Gets the weights file.

Returns:

Name	Type	Description
`str`	`str`	Path to the weights file.

`decode_masks(boxes, masks, proto, img_dim)` ¶

Decodes the masks from the given parameters.

Parameters:

Name	Type	Description	Default
`boxes`	`array`	Bounding boxes.	required
`masks`	`array`	Masks.	required
`proto`	`array`	Proto data.	required
`img_dim`	`tuple`	Image dimensions.	required

Returns:

Type	Description
	np.array: Decoded masks.

Source code in inference/models/yolact/yolact_instance_segmentation.py

def decode_masks(self, boxes, masks, proto, img_dim):
    """Decodes the masks from the given parameters.

    Args:
        boxes (np.array): Bounding boxes.
        masks (np.array): Masks.
        proto (np.array): Proto data.
        img_dim (tuple): Image dimensions.

    Returns:
        np.array: Decoded masks.
    """
    ret_mask = np.matmul(proto, np.transpose(masks))
    ret_mask = 1 / (1 + np.exp(-ret_mask))
    w, h, _ = ret_mask.shape
    gain = min(h / img_dim[0], w / img_dim[1])  # gain  = old / new
    pad = (w - img_dim[1] * gain) / 2, (h - img_dim[0] * gain) / 2  # wh padding
    top, left = int(pad[1]), int(pad[0])  # y, x
    bottom, right = int(h - pad[1]), int(w - pad[0])
    ret_mask = np.transpose(ret_mask, (2, 0, 1))
    ret_mask = ret_mask[:, top:bottom, left:right]
    if len(ret_mask.shape) == 2:
        ret_mask = np.expand_dims(ret_mask, axis=0)
    ret_mask = ret_mask.transpose((1, 2, 0))
    ret_mask = cv2.resize(ret_mask, img_dim, interpolation=cv2.INTER_LINEAR)
    if len(ret_mask.shape) == 2:
        ret_mask = np.expand_dims(ret_mask, axis=2)
    ret_mask = ret_mask.transpose((2, 0, 1))
    ret_mask = crop_mask(ret_mask, boxes)  # CHW
    ret_mask[ret_mask < 0.5] = 0

    return ret_mask

`decode_predicted_bboxes(loc, priors)` ¶

Decode predicted bounding box coordinates using the scheme employed by Yolov2.

Parameters:

Name	Type	Description	Default
`loc`	`array`	The predicted bounding boxes of size [num_priors, 4].	required
`priors`	`array`	The prior box coordinates with size [num_priors, 4].	required

Returns:

Type	Description
	np.array: A tensor of decoded relative coordinates in point form with size [num_priors, 4].
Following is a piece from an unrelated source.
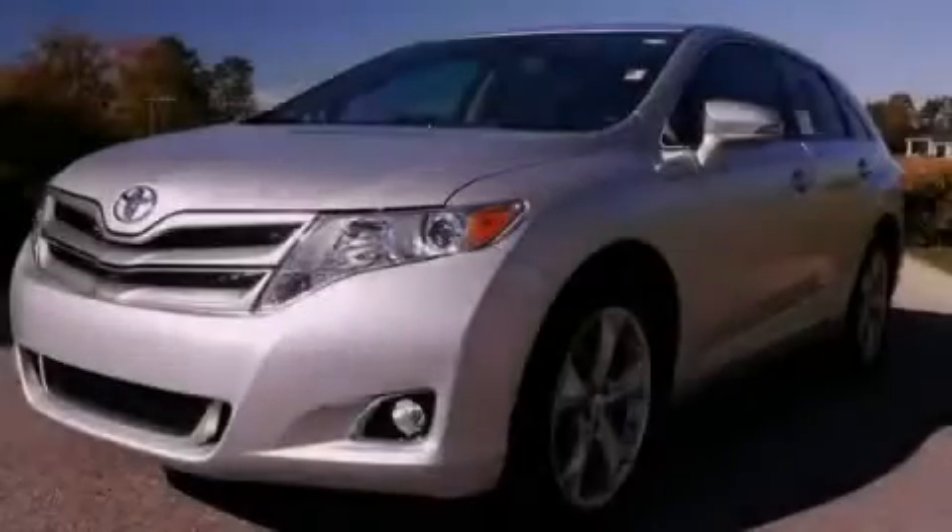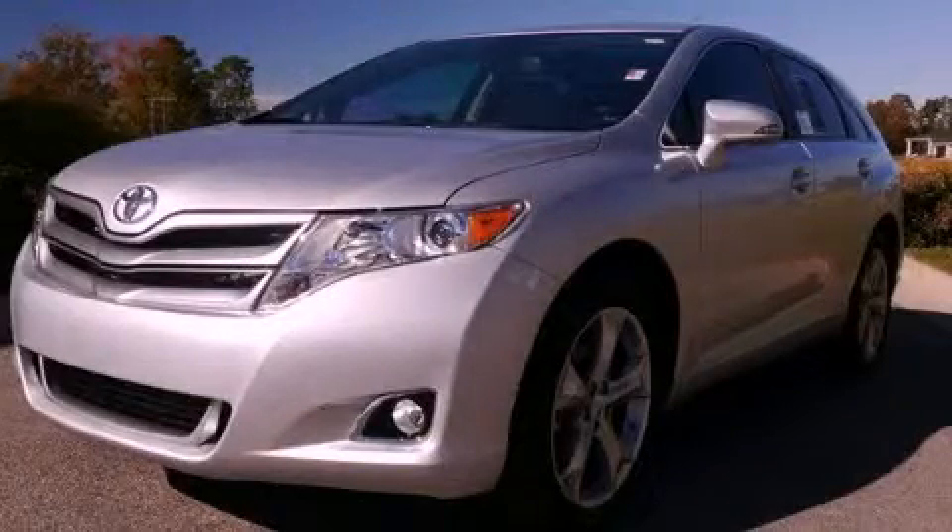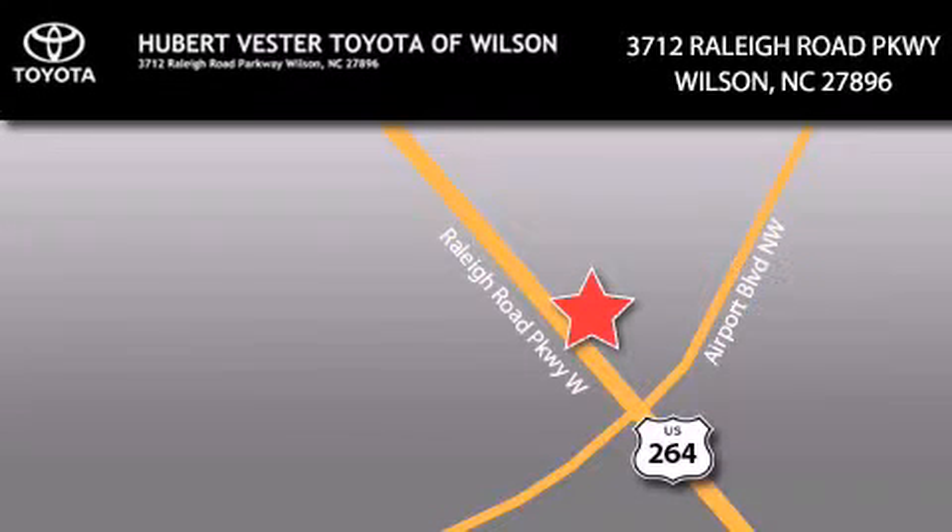Stop by today and test drive this automobile for yourself. Hubert Vester Toyota is located at 3712 Raleigh Road Parkway in Wilson. Our goal is to exceed all of your expectations to ensure that you'll return for future visits.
Source code in inference/models/yolact/yolact_instance_segmentation.py

def decode_predicted_bboxes(self, loc, priors):
    """Decode predicted bounding box coordinates using the scheme employed by Yolov2.

    Args:
        loc (np.array): The predicted bounding boxes of size [num_priors, 4].
        priors (np.array): The prior box coordinates with size [num_priors, 4].

    Returns:
        np.array: A tensor of decoded relative coordinates in point form with size [num_priors, 4].
    """

    variances = [0.1, 0.2]

    boxes = np.concatenate(
        [
            priors[:, :2] + loc[:, :2] * variances[0] * priors[:, 2:],
            priors[:, 2:] * np.exp(loc[:, 2:] * variances[1]),
        ],
        1,
    )
    boxes[:, :2] -= boxes[:, 2:] / 2
    boxes[:, 2:] += boxes[:, :2]

    return boxes

`infer(image, class_agnostic_nms=False, confidence=0.5, iou_threshold=0.5, max_candidates=3000, max_detections=300, return_image_dims=False, **kwargs)` ¶

Performs instance segmentation inference on a given image, post-processes the results, and returns the segmented instances as dictionaries containing their properties.

Parameters:

Name	Type	Description	Default
`image`	`Any`	The image or list of images to segment. - can be a BGR numpy array, filepath, InferenceRequestImage, PIL Image, byte-string, etc.	required
`class_agnostic_nms`	`bool`	Whether to perform class-agnostic non-max suppression. Defaults to False.	`False`
`confidence`	`float`	Confidence threshold for filtering weak detections. Defaults to 0.5.	`0.5`
`iou_threshold`	`float`	Intersection-over-union threshold for non-max suppression. Defaults to 0.5.	`0.5`
`max_candidates`	`int`	Maximum number of candidate detections to consider. Defaults to 3000.	`3000`
`max_detections`	`int`	Maximum number of detections to return after non-max suppression. Defaults to 300.	`300`
`return_image_dims`	`bool`	Whether to return the dimensions of the input image(s). Defaults to False.	`False`
`**kwargs`		Additional keyword arguments.	`{}`

Returns:

Type	Description
`List[List[dict]]`	List[List[dict]]: Each list contains dictionaries of segmented instances for a given image. Each dictionary contains: - x, y: Center coordinates of the instance. - width, height: Width and height of the bounding box around the instance. - class: Name of the detected class. - confidence: Confidence score of the detection. - points: List of points describing the segmented mask's boundary. - class_id: ID corresponding to the detected class.
`List[List[dict]]`	If `return_image_dims` is True, the function returns a tuple where the first element is the list of detections and the
`List[List[dict]]`	second element is the list of image dimensions.

Notes

The function supports processing multiple images in a batch.
If an input list of images is provided, the function returns a list of lists, where each inner list corresponds to the detections for a specific image.
The function internally uses an ONNX model for inference.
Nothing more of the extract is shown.